Beans are a frost-sensitive, warm-season crop. They grow best on well drained, loamy soils with a pH between 5.8 and 6.5. Amend planting areas with compost, phosphorus and potassium. For the best quality beans, provide full sun (6 or more hours of direct sunlight).
Plant seeds outdoors directly in the garden once warm weather arrives. Use our
grow calendar tool to find specific planting dates for your region! Seeds germinate in 7-14 days.

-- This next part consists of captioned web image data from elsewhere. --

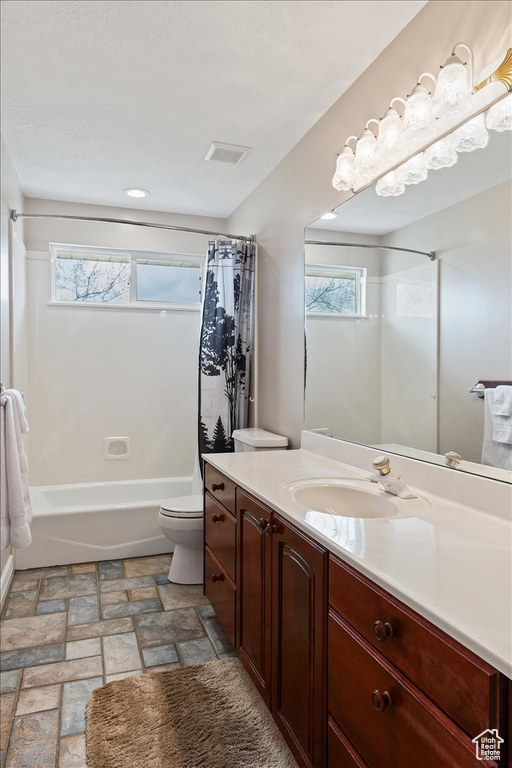 Full bathroom featuring tile flooring, shower / bath combo, toilet, and vanity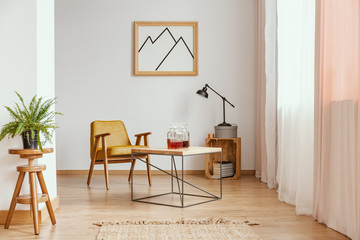 Plant on wooden stool in white living room interior with poster and yellow armchair. Real photo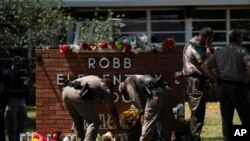 Dos policías de Texas encienden una vela en la Escuela Primaria Robb en Uvalde, Texas, el miércoles 25 de mayo de 2022. (Foto AP/Jae C. Hong)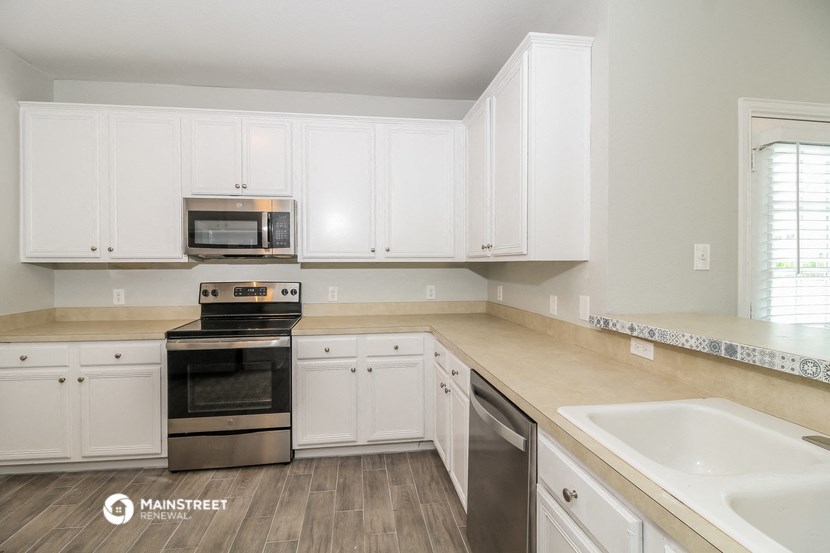 a kitchen with white cabinets and stainless steel appliances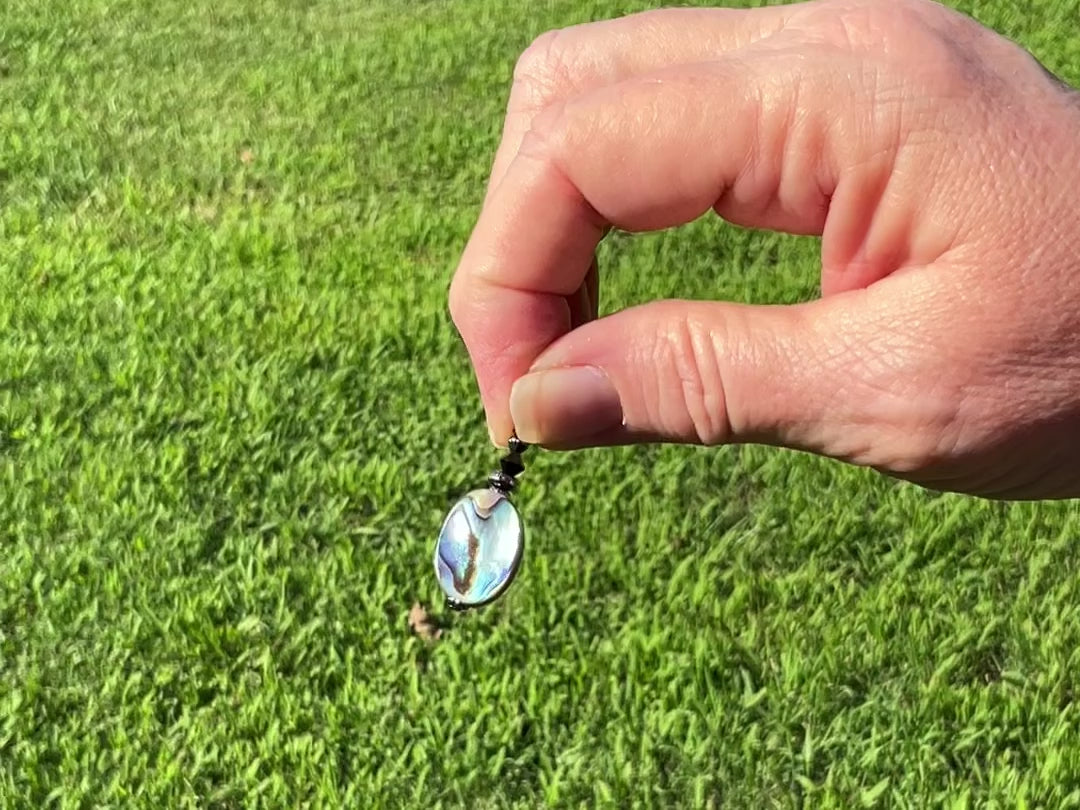 Abalone Handmade Drop Earrings video showing the flashes of color as it moves around in the light.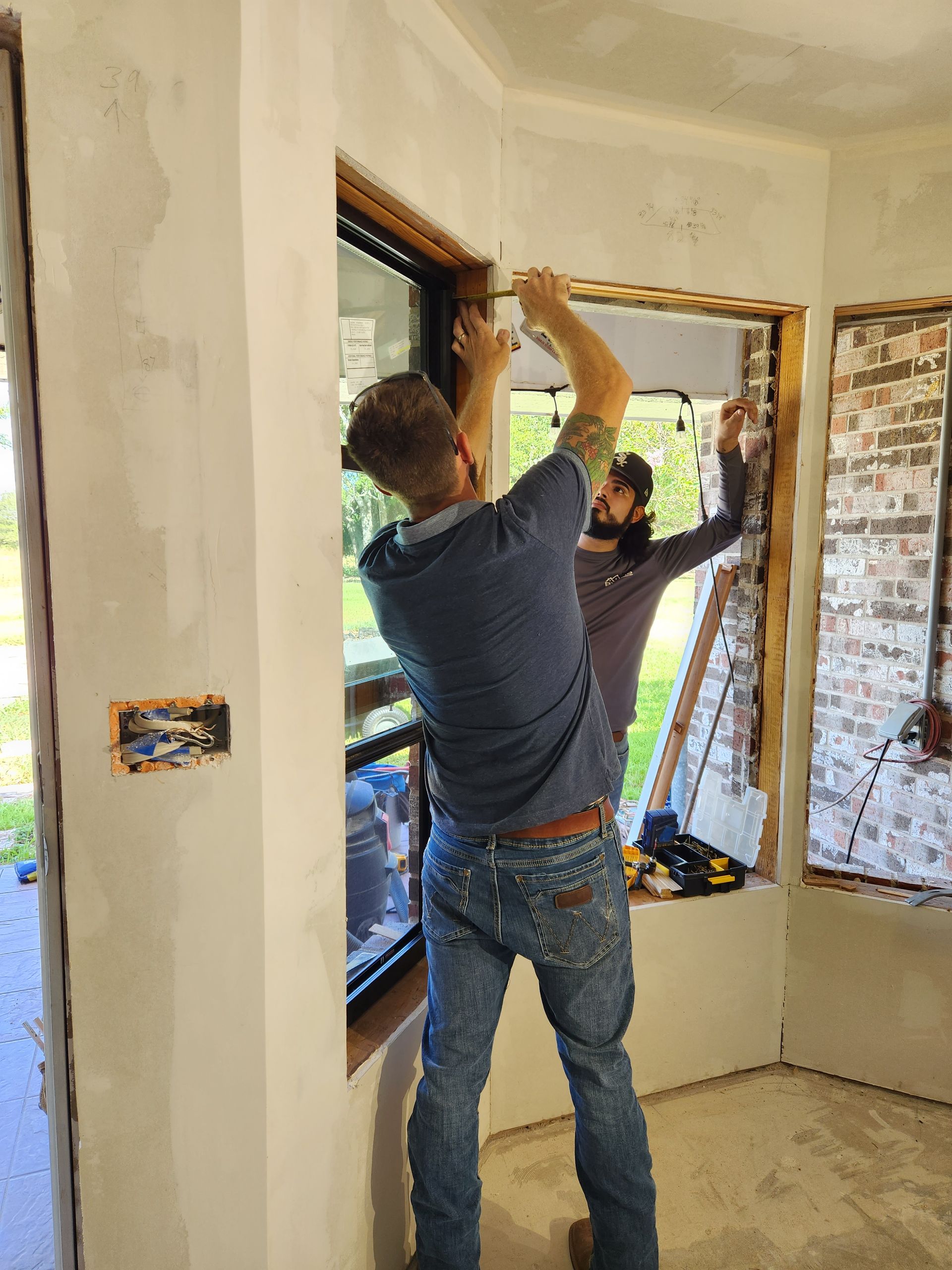 Two men are working on a window in a room.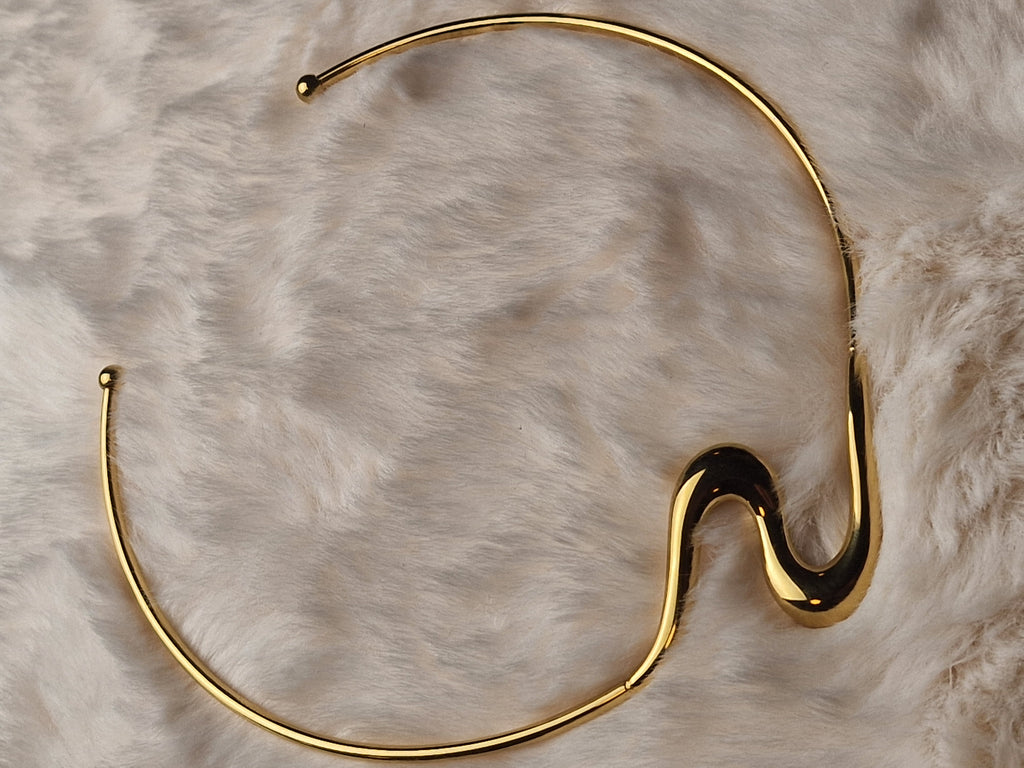 Collier torque ondulé doré acier inox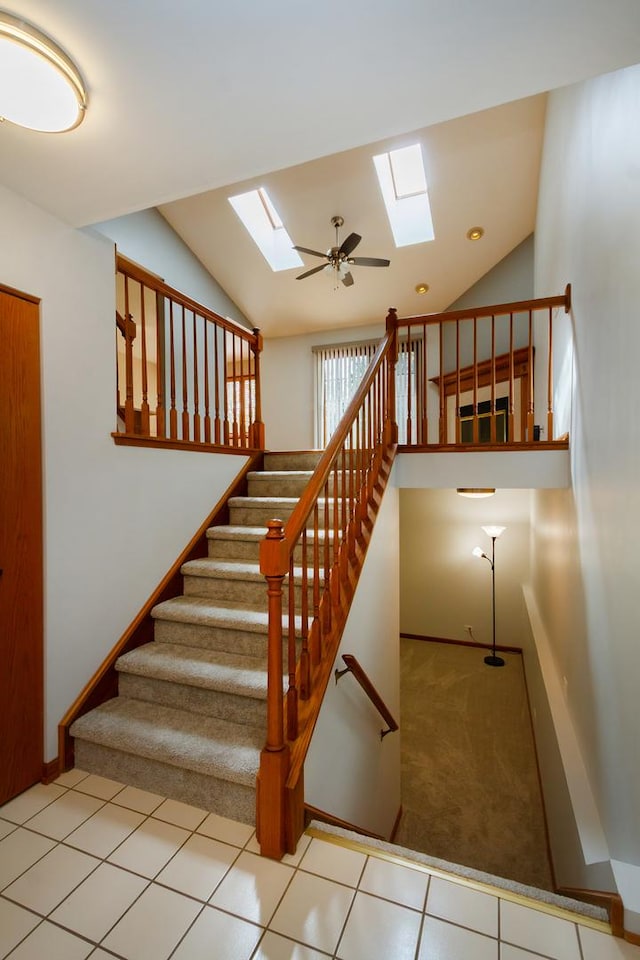 stairway featuring baseboards, tile patterned flooring, and vaulted ceiling with skylight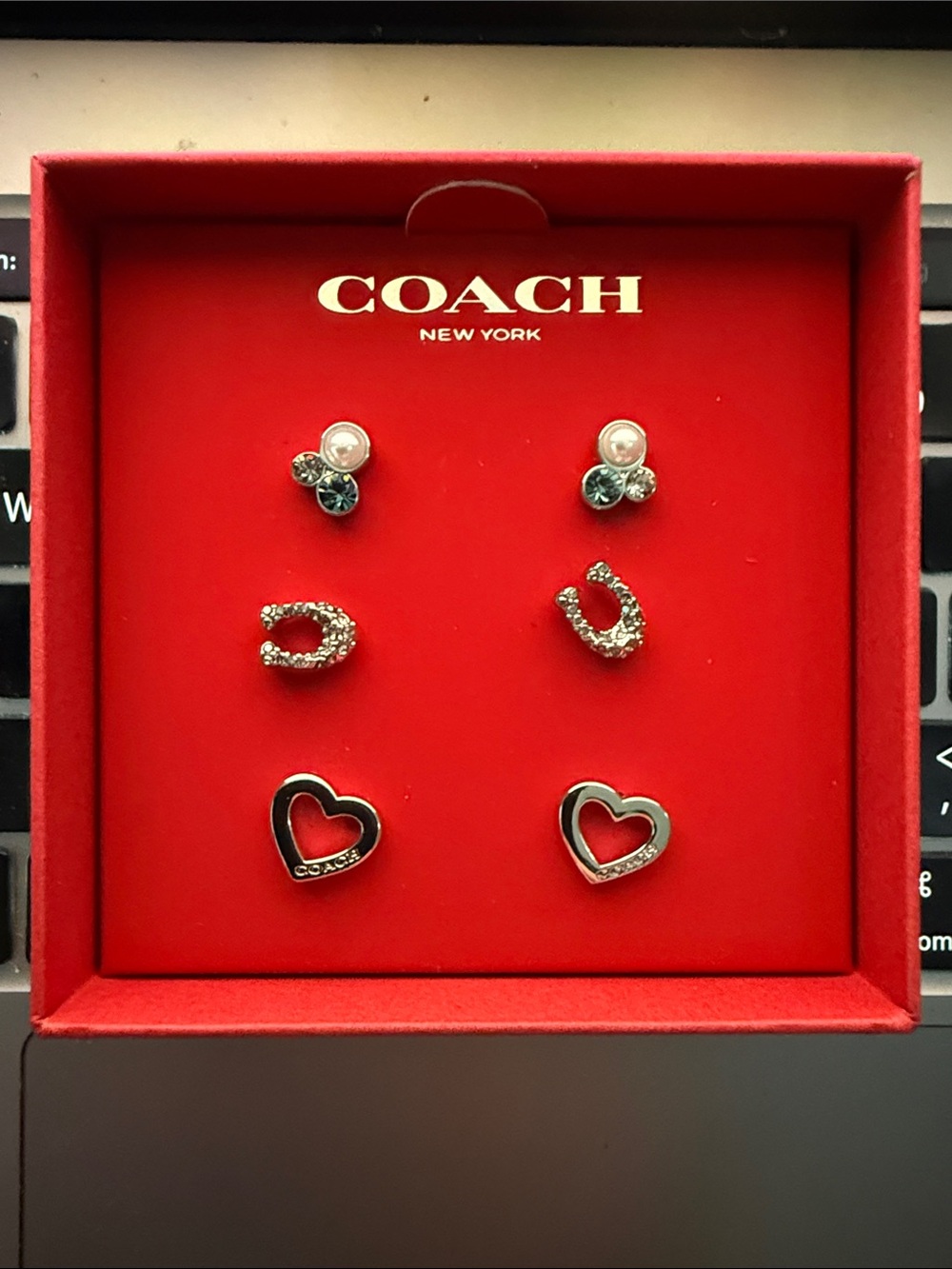 Coach stud earrings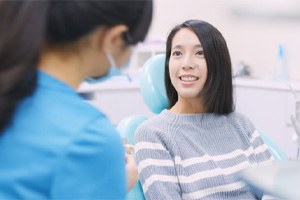 Dental patient learning about extractions vs. root canal therapy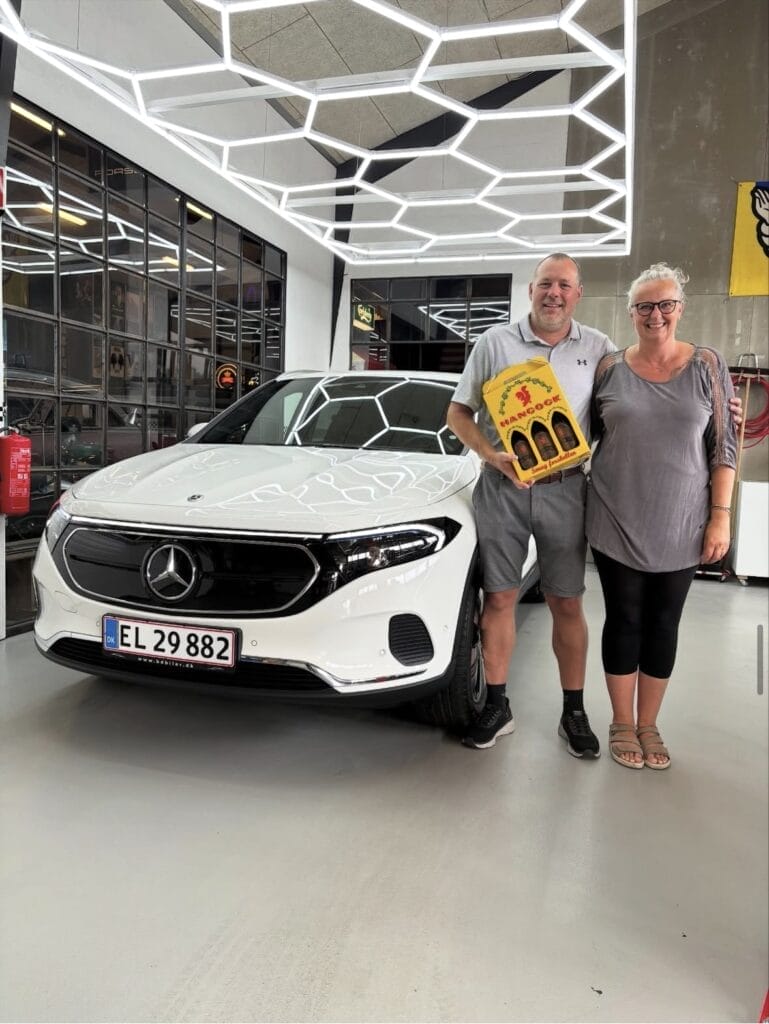 Par står foran hvid Mercedes i bilforretning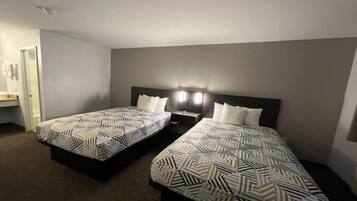 Een hotelkamer met twee enkele bedden, een nachtkastje en een wandlamp.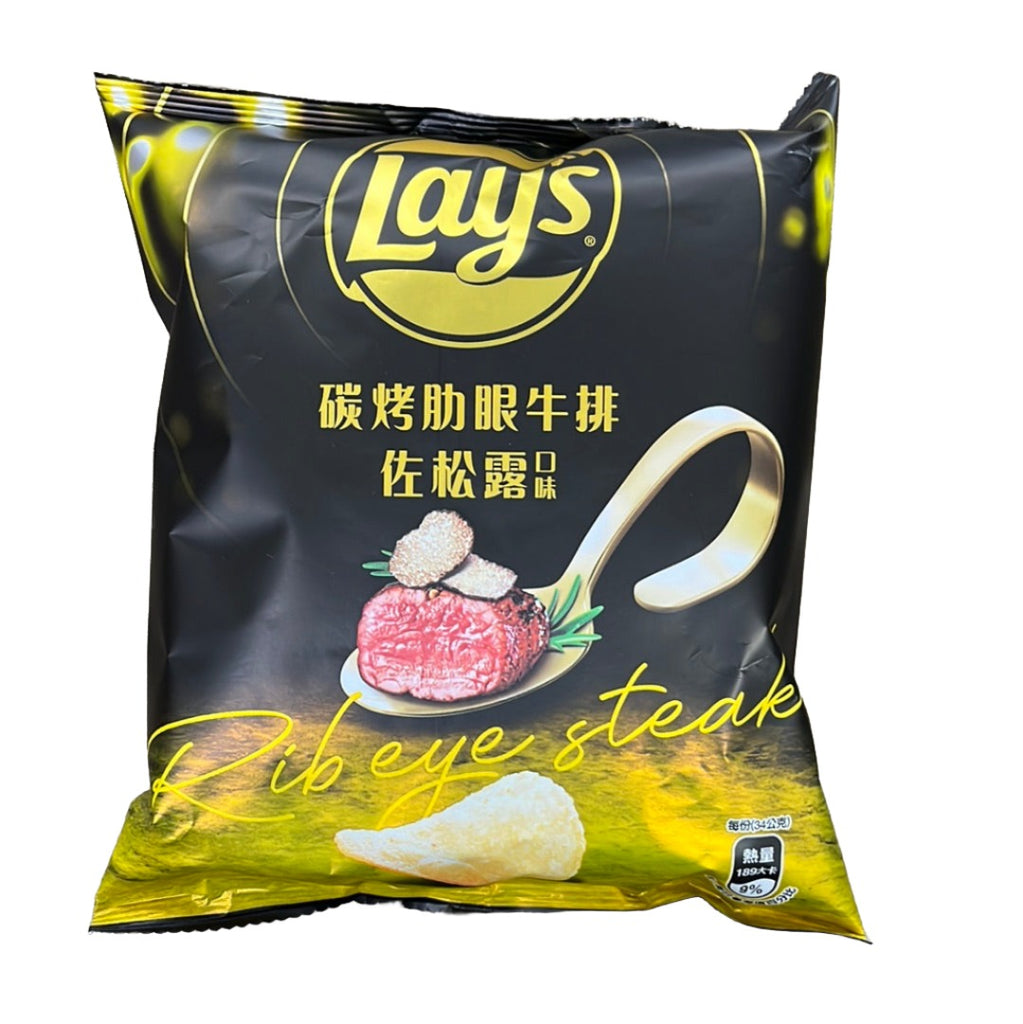 Savor the succulent flavor of LAY'S Rib Eye Steak Potato Chip. These crispy chips are seasoned with the robust taste of rib eye steak, offering a mouthwatering blend of savory spices and hearty beef flavor in every bite. Perfect for those craving a bold and satisfying snack. Treat yourself to a gourmet experience with LAY'S Rib Eye Steak Potato Chip!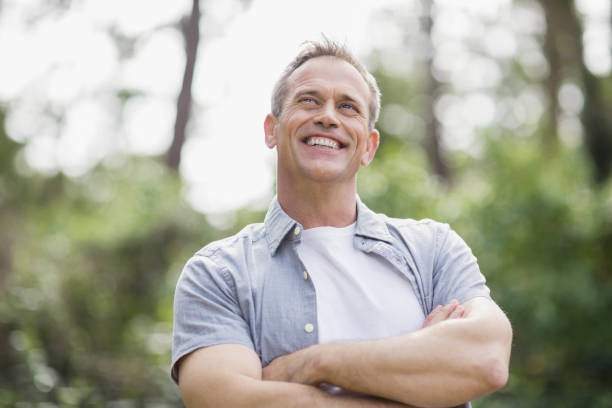 istock Smiling man crossing his arms 803138714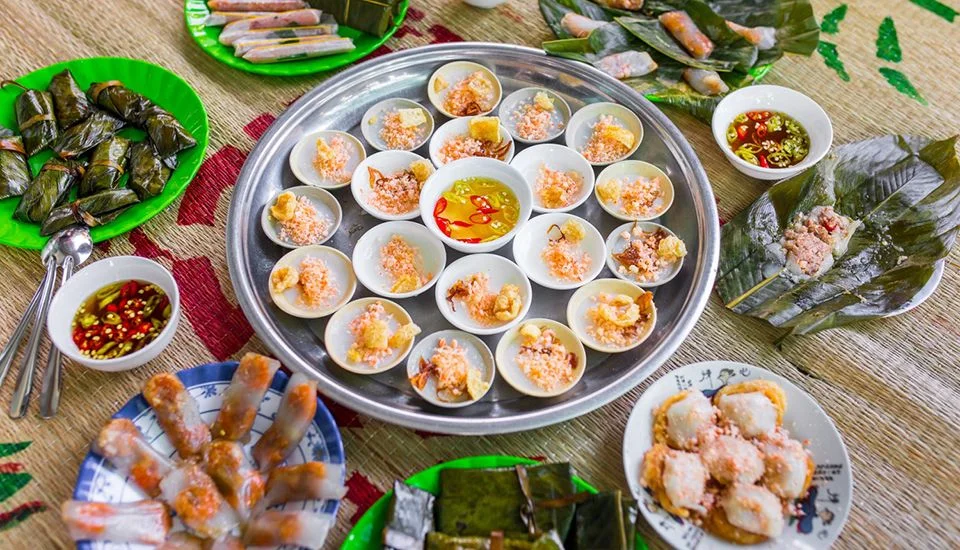 A traditional Hue platter of Banh Beo, Banh Nam, and Banh Loc served with shrimp topping and sweet fish sauce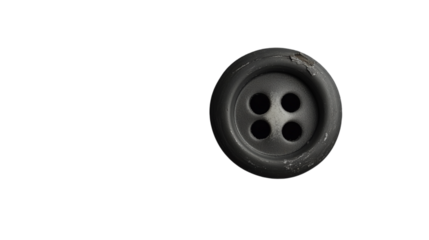 Dark vintage button with four holes isolated on transparent background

Plant seeds 1" deep, spaced 4-6" apart. For bush-type varieties, no support structures are needed. For vining or pole-type varieties, set up structures shortly after planting. Water well just once at planting time to avoid seed rot. After the seedlings emerge (6–12 days) keep moderately moist, allowing the soil to dry out a bit between waterings.
If beans have not been grown in your garden before, it may be necessary to inoculate bean seeds prior to planting. An inoculant will help your beans form nitrogen-producing nodules on plant roots, allowing them to fix nitrogen from the air into the soil for nutrient use. This symbiotic relationship with beneficial bacteria enriches the soil, results in larger plants, and increases yield.
Pests and Disease
Seed rot and seedling disease due to damping-off pathogens may be a problem in cool soils. Shallow plantings into 60°F or warmer soils will reduce risk of seedling disease. Avoid or minimize potentially devastating White Mold by practicing crop rotation and irrigating early in the day to allow drying of foliage. Bacterial blights of beans can be controlled through crop rotation and composting of crop debris. Encourage beneficial insect activity by planting cilantro and other umbels nearby to help control the many kinds of insect pests that love beans. Spray with pyrethrins and neem oil as a last resort to control heavy infestations.
Harvest fresh beans when they’ve reached their desired length, but before they become lumpy and tough. Pick frequently to encourage more production.